● Task input:
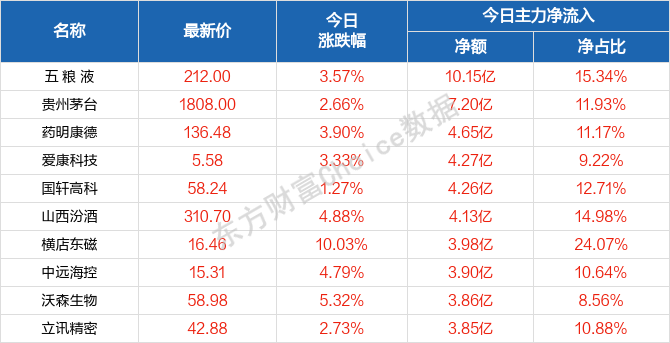 离夏惜柚子 第2页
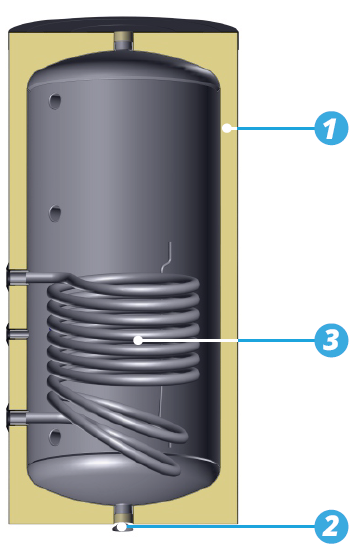 Akumulační nádrž SUNEX 300 l s výměníkem pro solární systémy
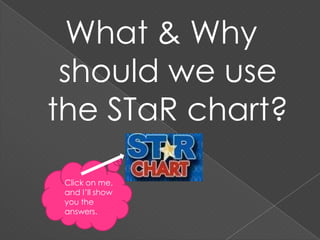 What & Why should we use the STaR chart?Click on me, and I’ll show you the answers.
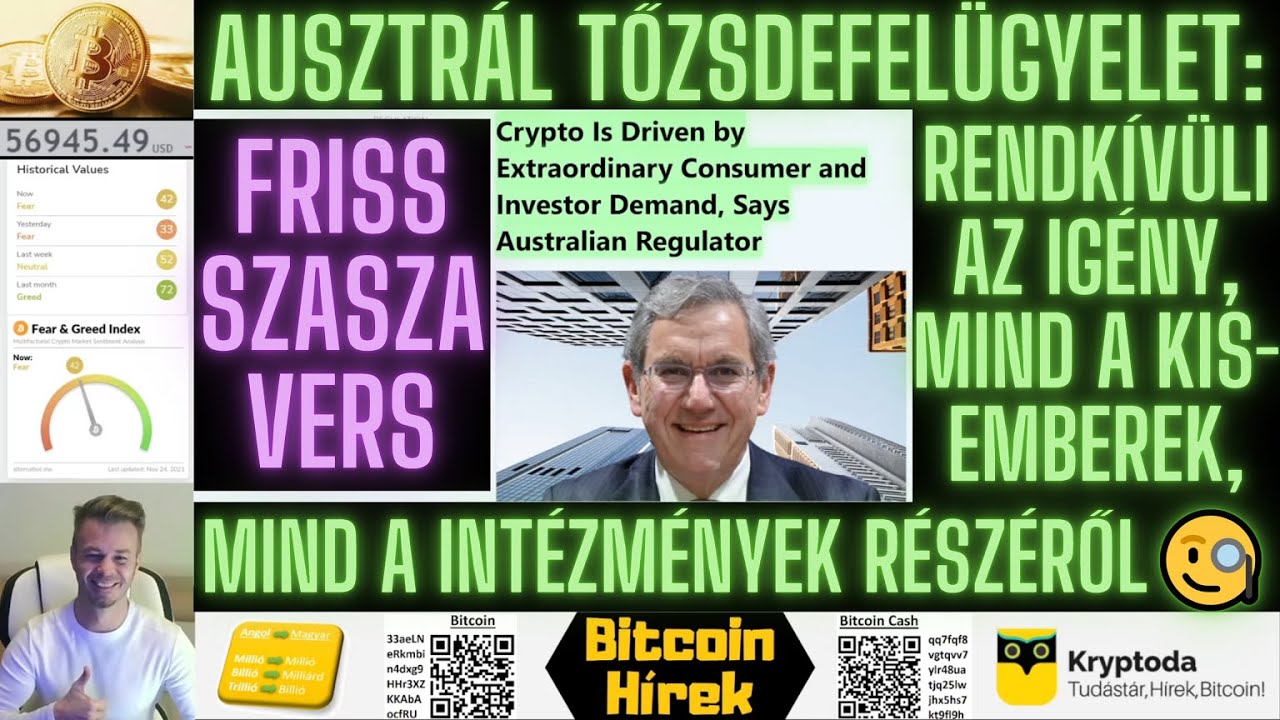 bitcoin befektetési alap, ausztrália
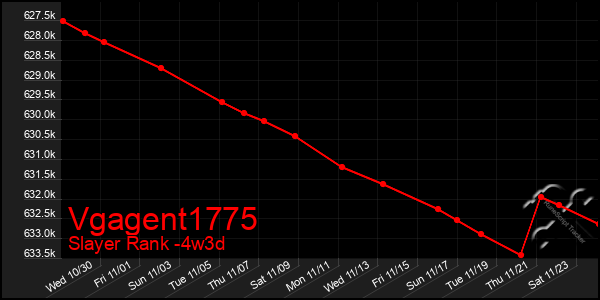 Last 31 Days Graph of Vgagent1775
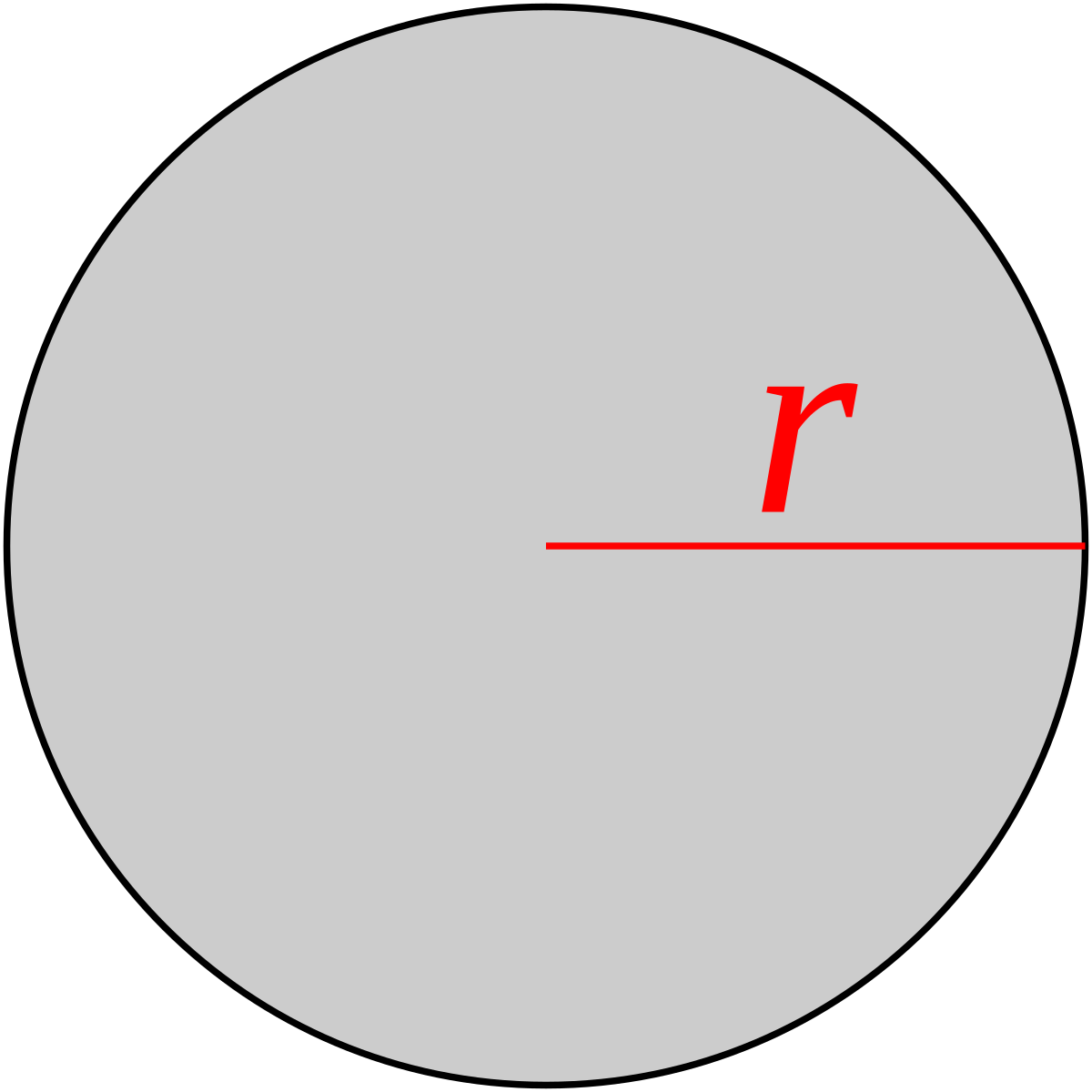 Circle radius. Радиус круга. Окружность круг радиус. Изображение окружности. Радиус круга картинки.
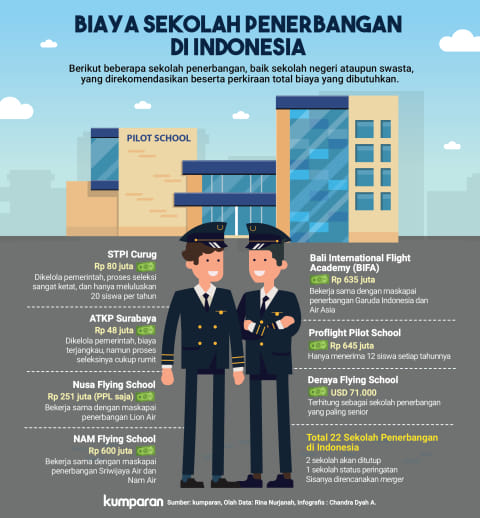 Mempertanyakan Kualitas Lulusan Sekolah Pilot Kumparan Mempertanyakan Kualitas Lulusan Sekolah Pilot Kumparan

● Exercise requirements: What is needed is an exact printout of all the entries, without the pictures.

● The answer:
 离夏惜柚子 第2页
 Akumulační nádrž SUNEX 300 l s výměníkem pro solární systémy
 What & Why should we use the STaR chart?Click on me, and I’ll show you the answers.
 bitcoin befektetési alap, ausztrália
 Last 31 Days Graph of Vgagent1775
 Circle radius. Радиус круга. Окружность круг радиус. Изображение окружности. Радиус круга картинки.
 Mempertanyakan Kualitas Lulusan Sekolah Pilot Kumparan Mempertanyakan Kualitas Lulusan Sekolah Pilot Kumparan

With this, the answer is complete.